No Brasil, as propostas de reformas
políticas e eleitorais tentando valorizar
os partidos, buscando identificá-los
com as autênticas aspirações nacionais,
tornando-os mais representativos, responsáveis pelo processo político-administrativo, nunca conseguiram ser aprovadas, rejeitadas por grandes maiorias
dos parlamentares, que preferem um
sistema onde possam exercer a sua demagogia individual.

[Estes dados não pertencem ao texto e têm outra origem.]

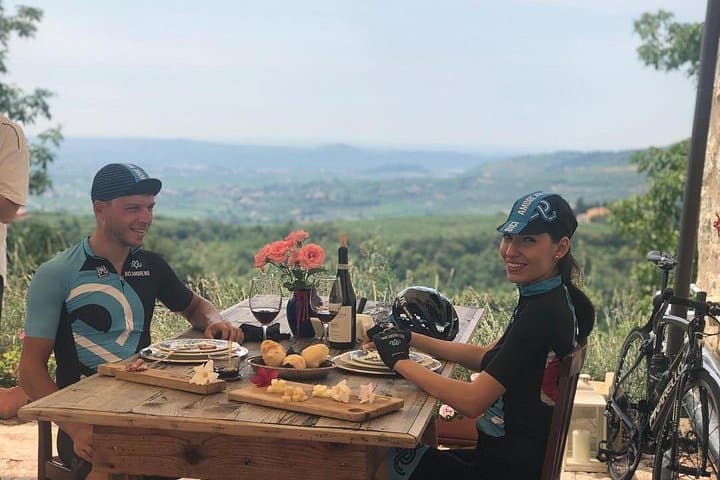 E-bike Valpolicella Vineyards: Ride with the Winemaker and Amarone Tasting photo 1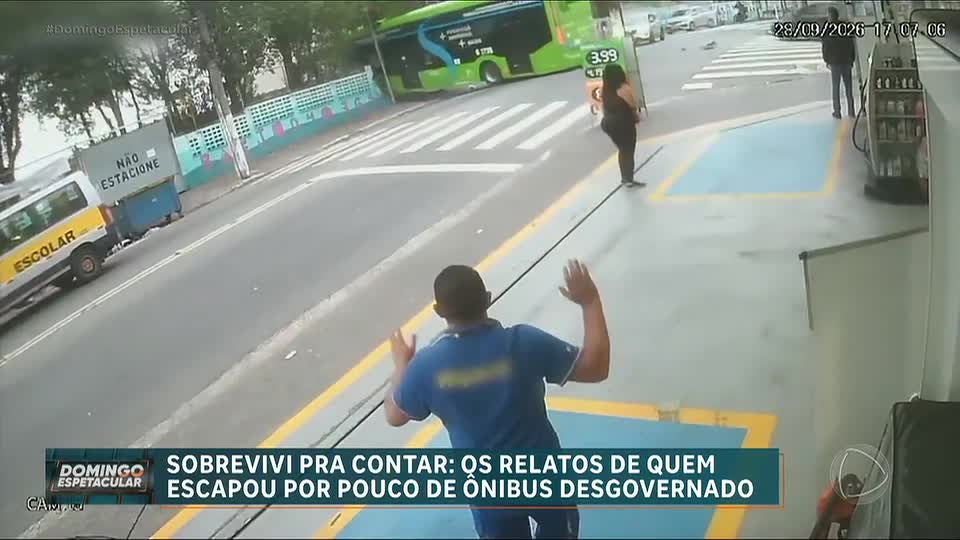 Ônibus desgovernado atinge veículos, comércio e colide com escola na zona sul de São Paulo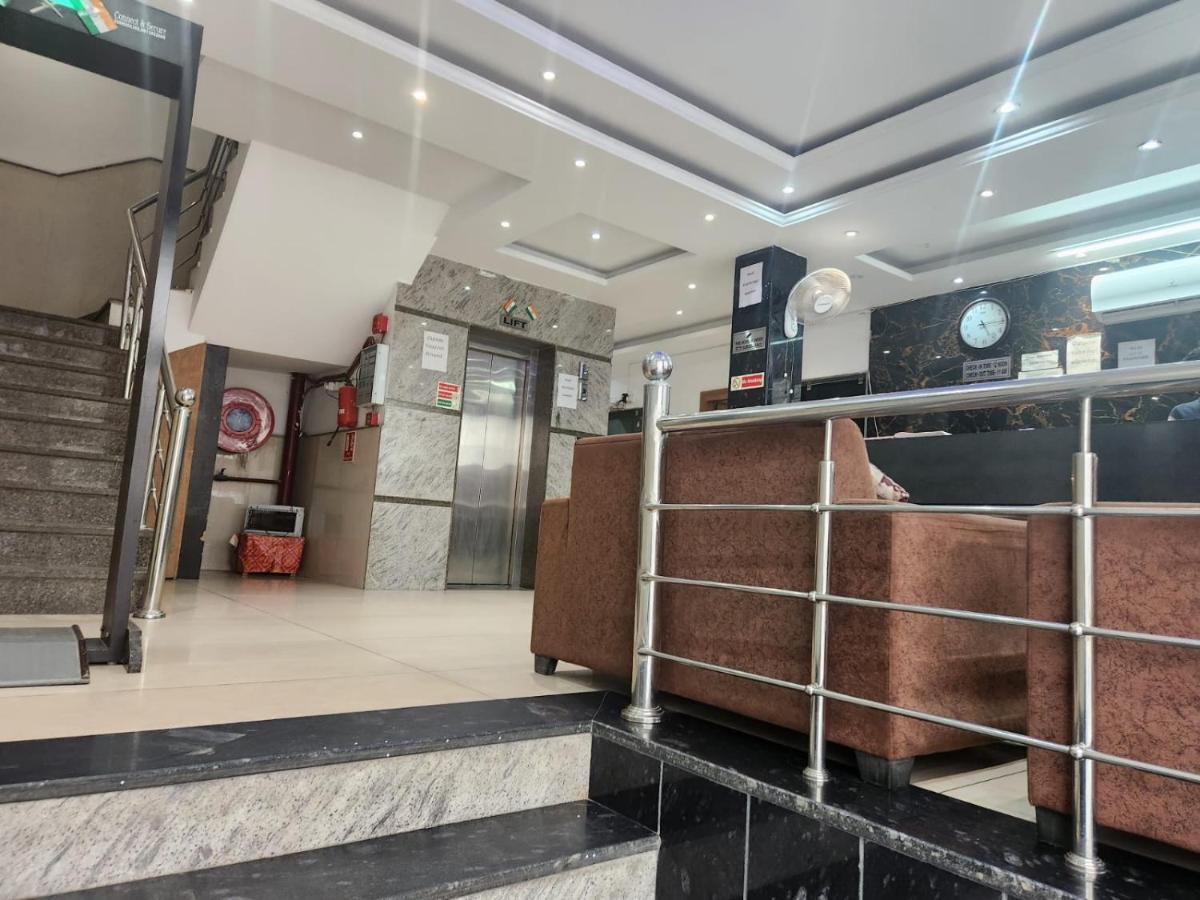 Hotel Ambe Inn By Ambience Delhi Igi Airport New Delhi Extérieur photo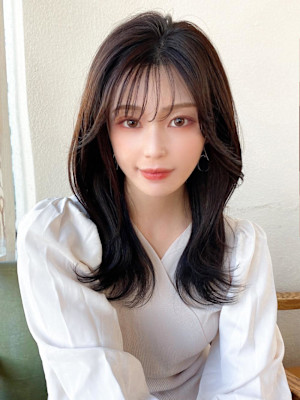 前髪/ネビージュ/ボブルフ/レイヤーカット/黒髪/結べるボブ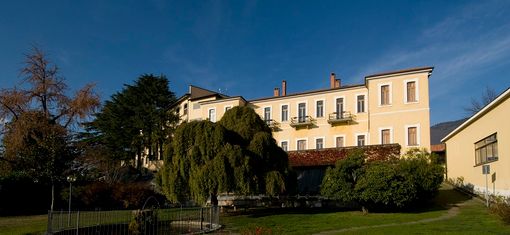 Comerio, cittadinanza onoraria per il medico Livio Felloni Comerio, cittadinanza onoraria per il medico Livio Felloni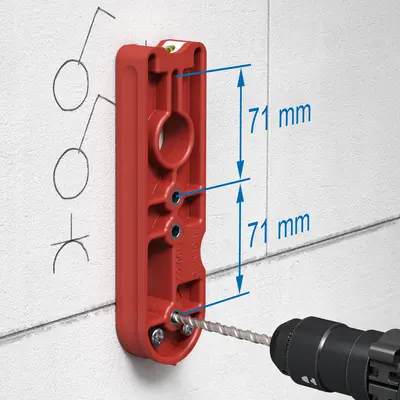 For a 3-gang combination, an additional centring hole can be drilled.
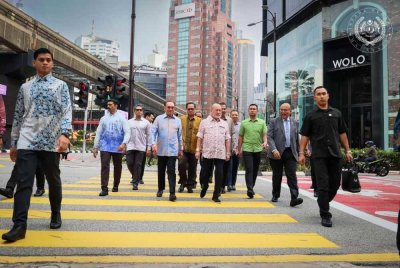 Foto Facebook Sultan Ibrahim Sultan Iskandar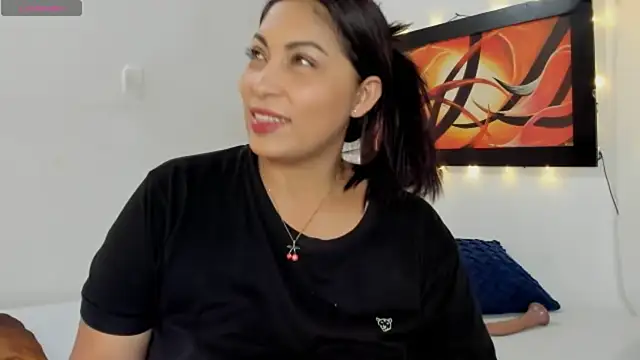 Lauralove 69 online show from May 5, 10:29 pm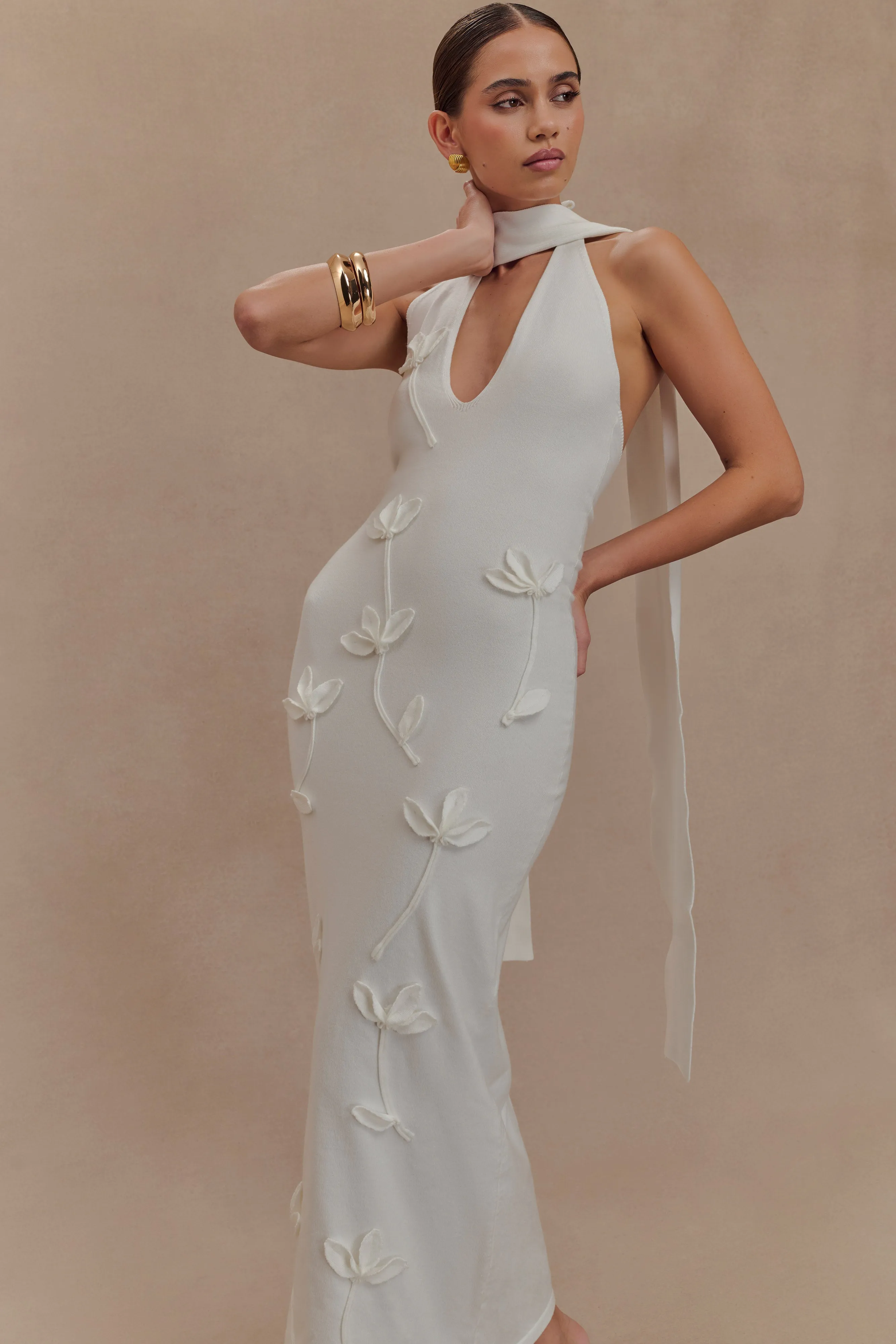 Fall Mood Transitional-Wear Wynn Floral Knit Midi Dress - White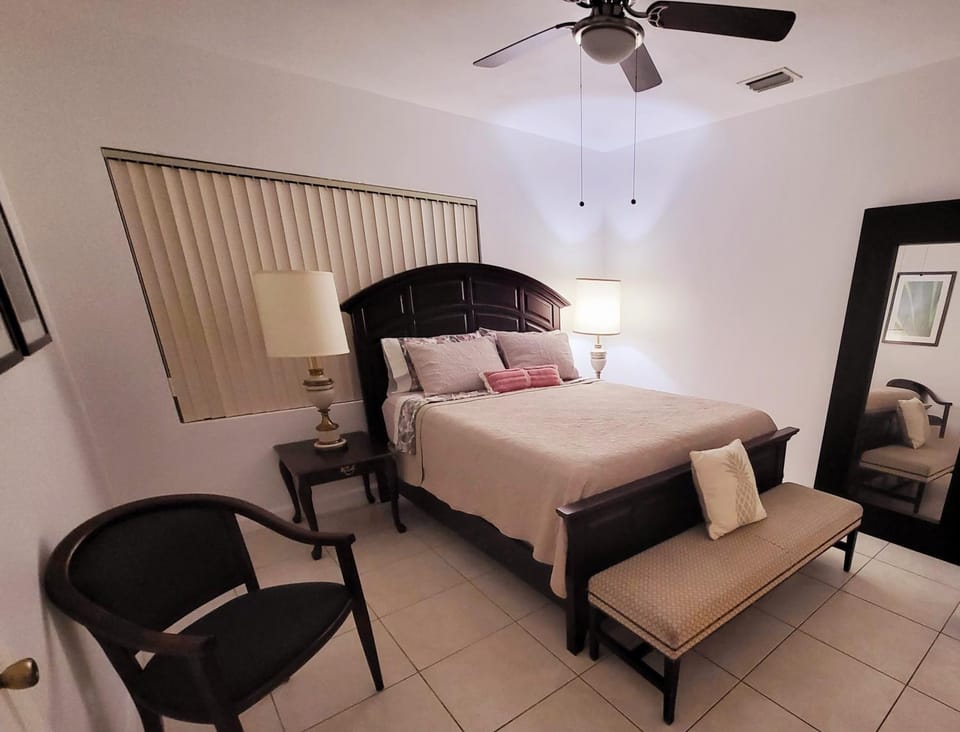 Royal Poinciana Stay Bed and Breakfast in Miami Springs
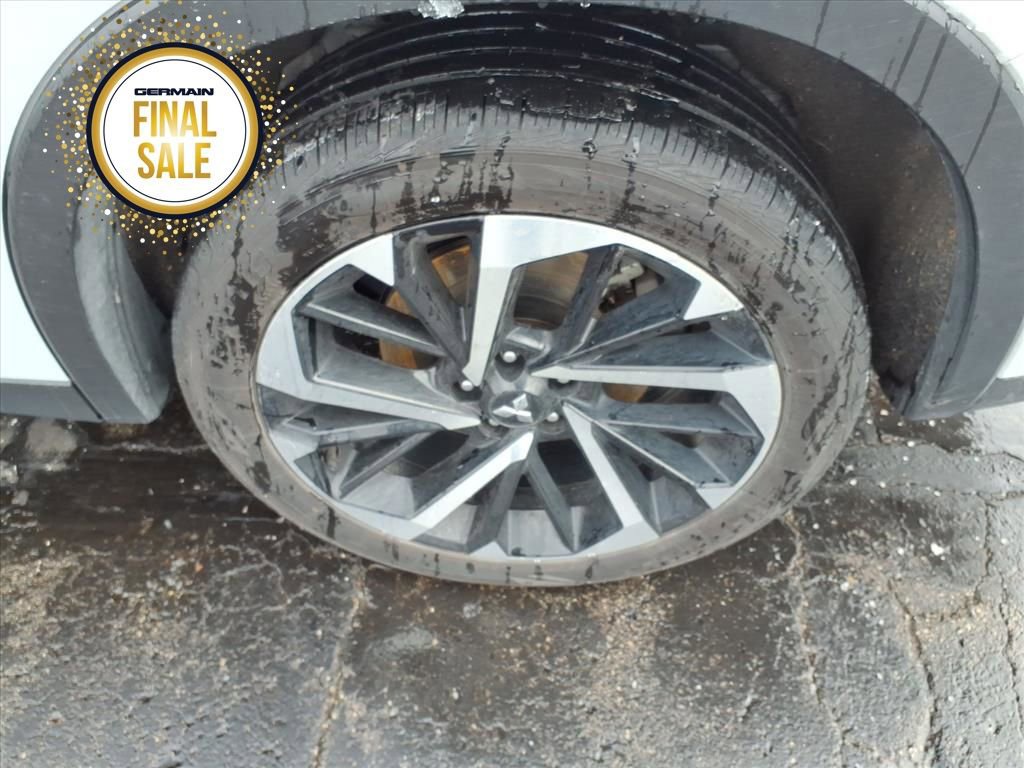 Used 2024 Mitsubishi Outlander SE image 8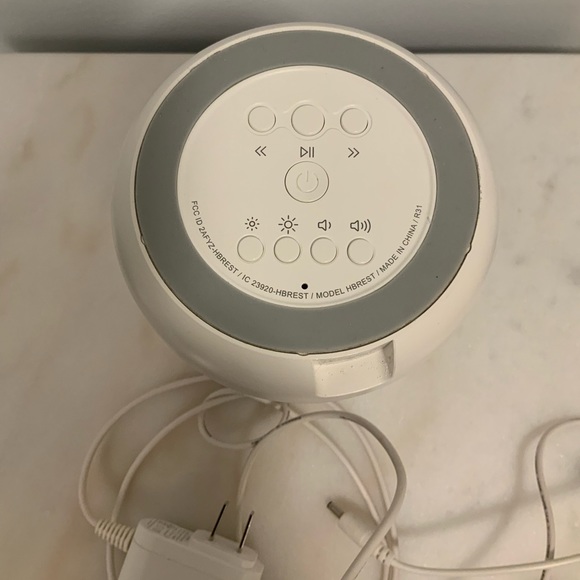 Hatch White Sound Machine & Lights - Picture 2 of 3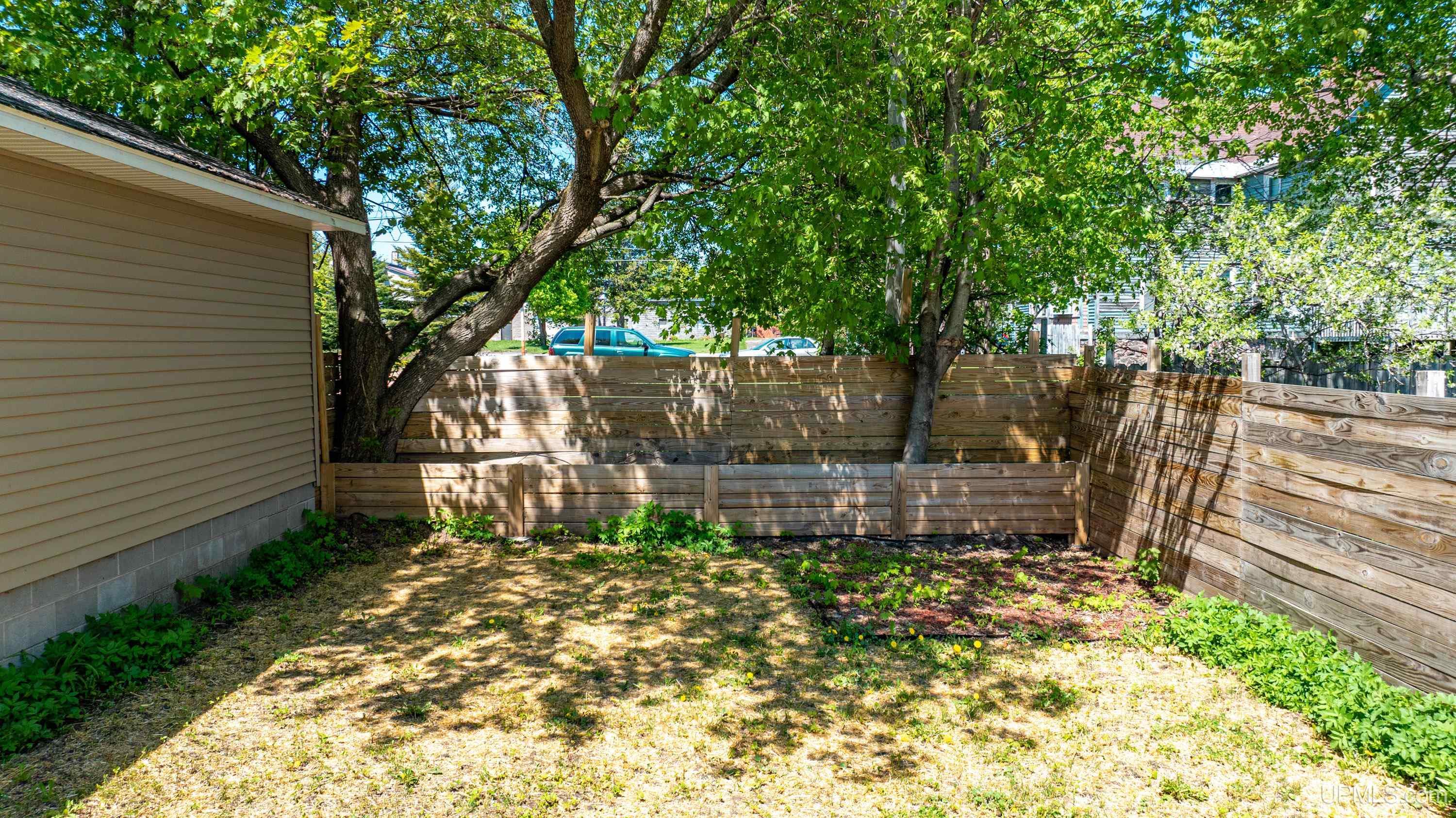 237 Kearsarge Street Calumet, MI 49913 - Photo 73 of 79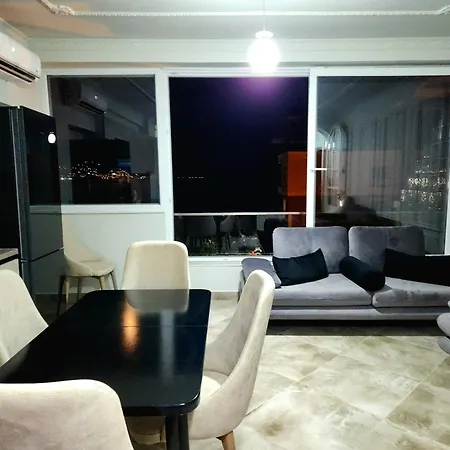 Modern And Cozy Apartments 150 Meters From The Beach, 750 Meters From Lungo Mare Vlorë Buitenkant foto
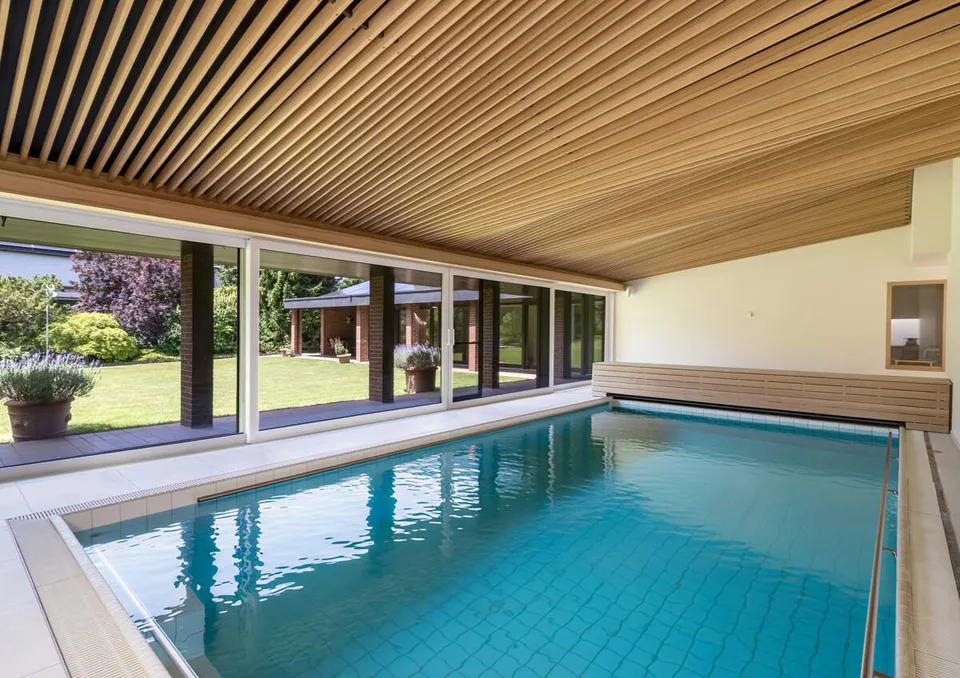 Villa mit Traumgarten und viel Privatsphäre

Bem que o presidente Castelo Branco,
utilizando do poder que a Revolução lhe
conferiu, conseguiu fazer aprovar pelo
Congresso uma reforma política que,
aumentando as exigências de representatividade para a formação dos partidos, obteve a correção da profusão nefasta de minúsculas agremiações partidárias criadas para negociar alianças
rendosas. Foram criados dois grandes
partidos: Arena e PSD. Castelo Branco,
para conseguir essa reforma, teve o
apoio de políticos de cuja formação democrática e liberal ninguém podia duvidar: Milton Campos, Luiz Viana Filho,
Adauto Lucio Cardoso, Pedro Aleixo e
outros. Mas este sistema de dar poder
ao partido, diminuindo o espaço demagógico individual, nunca agradou à
maioria de nossos políticos, que na primeira oportunidade o sepultaram. Em
nome da abertura, voltamos a esta mixórdia partidária que aí está.
Ninguém tem dúvida que o povo espera do próximo governo um amplo e
bem planejado programa de desenvolvimento político e social que desperte as
potencialidades deste país. Um programa que impulsione o atendimento das
necessidades vitais de educação, saúde,
alimentação, moradia, reforma política
e eleitoral, transportes, produção, paz
social, segurança, defesa; que transforme em riqueza nossos recursos inexplorados; que comece a nos tirar do atraso
social; que revigore o poder nacional a
fim de proteger nossa soberania perante
um mundo intranqüilo e conflitante .
Carlos de Meira Mattos, 92, doutor em ciência
política e general reformado do Exército, é veterano da Segunda Guerra Mundial e conselheiro da Escola Superior de Guerra.